Fondamentalmente il disco viaggia su due coordinate: pezzi pesanti e rumorosi con battuta house (ma anche senza) e/o rivisitazioni in chiave daft punk dell'universo techno in molte delle sue sfumature, dalla magnifica ingenuità degli immancabili Kraftwerk, attraversando le sperimentazioni di Richie Hawtin, fino a toccare moderne sponde chicagoane. Della prima categoria fanno parte la splendida title track, posta in apertura, una perfetta "My Sharona" electro con campionatori e vocoder al posto delle chitarre, "Robot Rock", che esaspera il discorso reiterando lo stesso riff dall'inizio alla fine e creando così l'ibrido ideale tra il significato del rock e il significante della dance, così come l'ossessiva e ultrapesante "Brainwasher", quasi metal e quasi trance, e la più classica, ma non per questo meno incisiva, "Television Rules The Nation", giro semplice su bassa battuta, infarcito di immondizia digitale.
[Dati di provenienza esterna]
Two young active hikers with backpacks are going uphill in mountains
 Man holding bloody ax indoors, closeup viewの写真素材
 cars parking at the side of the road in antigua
Ancor più interessanti, forse, i restanti episodi dove prevale la ricerca, pezzi maturi che mostrano innanzitutto la sfrenata passione del duo francese per la techno tutta e una magistrale abilità nel fare propri i canoni del genere, fondendoli di volta in volta con influenze diverse. E' il caso, ad esempio, di "Make Love", uno dei due pezzi più pop dell'album, in cui chiarissimo è l'omaggio ai Kraftwerk, ma anche ai Neu!, "The Prime Time Of Your Life", che si basa quasi interamente su campioni vocali stravolti dal vocoder e messi in loop su un ritmo hard-blues, "Steam Machine", nella quale i più avvezzi al mondo techno riconosceranno immediatamente l'impronta sperimentale di un Plastikman, la straniante "Technologic", che sembra partorita dalle più brillanti menti della techno di Chicago fuse assieme, ma soprattutto la commuovente, epica, grandiosa (e per chi scrive la vetta dell'album in assoluto) "Emotion", posta in chiusura: tripudio pop di tastiere, ultrabassi, rumori e una sezione ritmica martellante e ossessiva.
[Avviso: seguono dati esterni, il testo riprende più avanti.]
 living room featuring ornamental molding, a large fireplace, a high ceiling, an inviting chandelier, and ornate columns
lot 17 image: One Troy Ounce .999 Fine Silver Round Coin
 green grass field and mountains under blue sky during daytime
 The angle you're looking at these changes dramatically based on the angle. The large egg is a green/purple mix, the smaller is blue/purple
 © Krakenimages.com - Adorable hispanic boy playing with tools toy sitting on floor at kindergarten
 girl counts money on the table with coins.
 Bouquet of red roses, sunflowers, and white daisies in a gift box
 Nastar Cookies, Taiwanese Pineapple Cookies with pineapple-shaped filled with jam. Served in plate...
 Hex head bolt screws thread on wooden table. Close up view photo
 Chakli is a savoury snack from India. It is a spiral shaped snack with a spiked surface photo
I Daft Punk si riconfermano, insomma, una delle formazioni più originali in circolazione: capaci di stupire a ogni nuovo album senza il minimo segno di cedimento o di calo creativo e, soprattutto, riconoscibili in mezzo a mille, pur proseguendo il loro percorso cambiando spesso le carte in tavola. "Human After All" è in primis una ulteriore prova della loro grandezza, ma anche, e forse soprattutto, un disco che fa comprendere come la musica, di qualunque genere sia, possieda una "magia" di fondo capace di incantare e far vivere meglio noi umani (dopo tutto).